£11.4m research boost aids quest for healthcare solutions

Research into drug discovery and healthcare will be accelerated with a multi-million pound investment.

Scientists are to receive £11.4 million over five years for a new centre to advance research in synthetic biology – the design of biological organisms with new or improved functions.

Researchers will explore how stem cells can be reprogrammed for use in personalised medicines, help to create improved safety tests for new treatment, and build tools to help identify new types of drugs.

The award to the University of Edinburgh’s Centre for Mammalian Synthetic Biology was announced today by Rt Hon Vince Cable, Secretary of State for Business, Industry and Skills.

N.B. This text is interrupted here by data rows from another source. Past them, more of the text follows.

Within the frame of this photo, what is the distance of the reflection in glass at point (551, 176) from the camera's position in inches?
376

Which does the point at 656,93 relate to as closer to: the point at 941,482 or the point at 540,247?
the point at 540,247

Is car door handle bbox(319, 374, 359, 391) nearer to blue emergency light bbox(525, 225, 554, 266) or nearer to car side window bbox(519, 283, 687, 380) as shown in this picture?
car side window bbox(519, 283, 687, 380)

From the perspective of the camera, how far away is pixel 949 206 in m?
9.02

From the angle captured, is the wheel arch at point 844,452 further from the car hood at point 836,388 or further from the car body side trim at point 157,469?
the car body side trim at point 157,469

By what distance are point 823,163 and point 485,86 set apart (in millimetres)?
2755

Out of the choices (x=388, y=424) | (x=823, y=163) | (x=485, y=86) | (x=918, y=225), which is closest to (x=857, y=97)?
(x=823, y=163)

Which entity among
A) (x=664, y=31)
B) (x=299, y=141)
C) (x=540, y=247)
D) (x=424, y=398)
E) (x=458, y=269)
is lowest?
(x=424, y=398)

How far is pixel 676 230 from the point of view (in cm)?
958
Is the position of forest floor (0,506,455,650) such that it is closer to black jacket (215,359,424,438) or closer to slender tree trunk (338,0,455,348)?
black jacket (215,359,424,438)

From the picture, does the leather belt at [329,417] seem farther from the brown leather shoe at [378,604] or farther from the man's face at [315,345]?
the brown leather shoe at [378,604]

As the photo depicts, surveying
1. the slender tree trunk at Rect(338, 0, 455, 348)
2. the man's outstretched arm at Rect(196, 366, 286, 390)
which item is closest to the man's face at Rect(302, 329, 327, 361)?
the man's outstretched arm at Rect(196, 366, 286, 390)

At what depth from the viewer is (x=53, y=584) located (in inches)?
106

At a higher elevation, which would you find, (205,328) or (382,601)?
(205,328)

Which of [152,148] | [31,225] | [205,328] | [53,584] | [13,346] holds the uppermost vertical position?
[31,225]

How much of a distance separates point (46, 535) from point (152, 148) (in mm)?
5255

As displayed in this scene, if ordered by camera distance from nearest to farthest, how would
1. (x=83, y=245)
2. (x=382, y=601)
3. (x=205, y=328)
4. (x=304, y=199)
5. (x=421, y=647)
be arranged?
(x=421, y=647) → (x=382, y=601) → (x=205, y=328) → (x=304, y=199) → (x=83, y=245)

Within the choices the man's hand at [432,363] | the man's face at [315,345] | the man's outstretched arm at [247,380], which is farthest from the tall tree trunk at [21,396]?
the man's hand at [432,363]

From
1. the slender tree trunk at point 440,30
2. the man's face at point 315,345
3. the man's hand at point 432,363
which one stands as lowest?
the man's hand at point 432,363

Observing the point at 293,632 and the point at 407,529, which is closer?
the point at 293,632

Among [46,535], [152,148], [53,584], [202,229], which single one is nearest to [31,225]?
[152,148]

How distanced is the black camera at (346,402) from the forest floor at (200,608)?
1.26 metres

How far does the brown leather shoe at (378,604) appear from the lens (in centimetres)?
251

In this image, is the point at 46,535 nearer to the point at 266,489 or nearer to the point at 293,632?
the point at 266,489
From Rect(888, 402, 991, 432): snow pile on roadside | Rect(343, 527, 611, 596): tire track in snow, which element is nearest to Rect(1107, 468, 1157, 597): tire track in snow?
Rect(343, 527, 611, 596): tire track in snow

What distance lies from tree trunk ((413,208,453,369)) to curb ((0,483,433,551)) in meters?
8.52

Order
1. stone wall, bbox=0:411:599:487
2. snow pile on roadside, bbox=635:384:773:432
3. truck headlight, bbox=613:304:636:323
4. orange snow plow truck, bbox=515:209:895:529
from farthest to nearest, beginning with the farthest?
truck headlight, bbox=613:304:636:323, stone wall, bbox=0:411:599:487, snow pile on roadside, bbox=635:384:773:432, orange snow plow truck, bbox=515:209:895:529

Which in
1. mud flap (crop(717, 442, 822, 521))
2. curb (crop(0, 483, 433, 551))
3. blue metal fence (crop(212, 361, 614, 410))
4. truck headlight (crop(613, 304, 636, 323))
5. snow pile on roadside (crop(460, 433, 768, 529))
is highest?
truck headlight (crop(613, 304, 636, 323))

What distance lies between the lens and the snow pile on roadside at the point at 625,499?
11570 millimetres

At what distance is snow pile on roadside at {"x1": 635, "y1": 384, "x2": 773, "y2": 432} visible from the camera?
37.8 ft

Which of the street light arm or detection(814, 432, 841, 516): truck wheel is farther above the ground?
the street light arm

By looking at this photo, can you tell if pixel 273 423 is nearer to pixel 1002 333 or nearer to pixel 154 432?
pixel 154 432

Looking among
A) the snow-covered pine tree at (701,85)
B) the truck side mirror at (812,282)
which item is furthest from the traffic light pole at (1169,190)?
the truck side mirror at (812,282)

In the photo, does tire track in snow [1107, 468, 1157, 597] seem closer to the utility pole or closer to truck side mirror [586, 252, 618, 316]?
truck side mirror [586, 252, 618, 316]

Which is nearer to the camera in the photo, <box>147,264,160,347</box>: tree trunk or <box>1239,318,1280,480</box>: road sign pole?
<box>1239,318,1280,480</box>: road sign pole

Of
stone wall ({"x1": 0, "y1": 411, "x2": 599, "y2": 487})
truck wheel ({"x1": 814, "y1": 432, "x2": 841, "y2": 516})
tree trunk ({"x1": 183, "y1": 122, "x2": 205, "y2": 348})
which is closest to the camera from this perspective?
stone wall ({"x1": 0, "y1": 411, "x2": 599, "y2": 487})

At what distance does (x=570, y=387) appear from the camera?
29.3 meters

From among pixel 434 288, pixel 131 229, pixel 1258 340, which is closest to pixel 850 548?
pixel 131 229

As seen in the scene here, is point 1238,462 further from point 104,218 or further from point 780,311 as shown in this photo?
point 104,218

It is part of a £40m UK-wide investment in the emerging discipline.

As part of the new investment, researchers at Edinburgh will also lead two collaborative projects. These will help create the building blocks of synthetic biology – fragments of DNA needed to create useful biological components. 

These projects include a £2.4m plan by the Universities of Edinburgh and Liverpool to study the rapid design and synthesis of multiple varied DNA circuits.

An additional £2m project involving the University of Cambridge and the Genome Analysis Centre will seek to enhance the national capacity of synthetic DNA design and manufacture. It will also work to ensure the UK is internationally competitive in the field.

Synthetic biology research centres will also be created at the Universities of Manchester and Warwick.

The £40m investment is made by the Biotechnology and Biological Sciences Research Council (BBSRC), the Engineering and Physical Sciences Research Council (EPSRC), the Medical Research Council (MRC) and the UK Government.

Professor Susan Rosser, Chair in Synthetic Biology in the Schools of Biological Sciences and Engineering, and Director of the Centre for Mammalian Synthetic Biology, said: “This further strengthens Edinburgh’s position as a leading centre for synthetic biology in the UK. Applying this powerful technology for human medicine is still in its infancy but Edinburgh is well positioned to take a lead with its pioneering research in cell biology, stem cells and epigenetics.”

Professor Peter Swain, Director of the University of Edinburgh’s synthetic biology research group SynthSys, said: “This new funding recognises Edinburgh’s role as one of the leaders of synthetic biology in the UK. We are excited about bringing together  two of the university's strengths: regenerative medicine and systems and synthetic biology.”

Jackie Hunter, BBSRC Chief Executive, said: “Through previous investments BBSRC, along with funding partners, has been able to position the UK as a world leader in synthetic biology. This new package of investments will ensure that the UK maintains this leadership position and continues to drive the potential of synthetic biology to contribute to the economy and society.”

Professor Alistair Elfick from the School of Engineering will be the Deputy Director in the new Centre.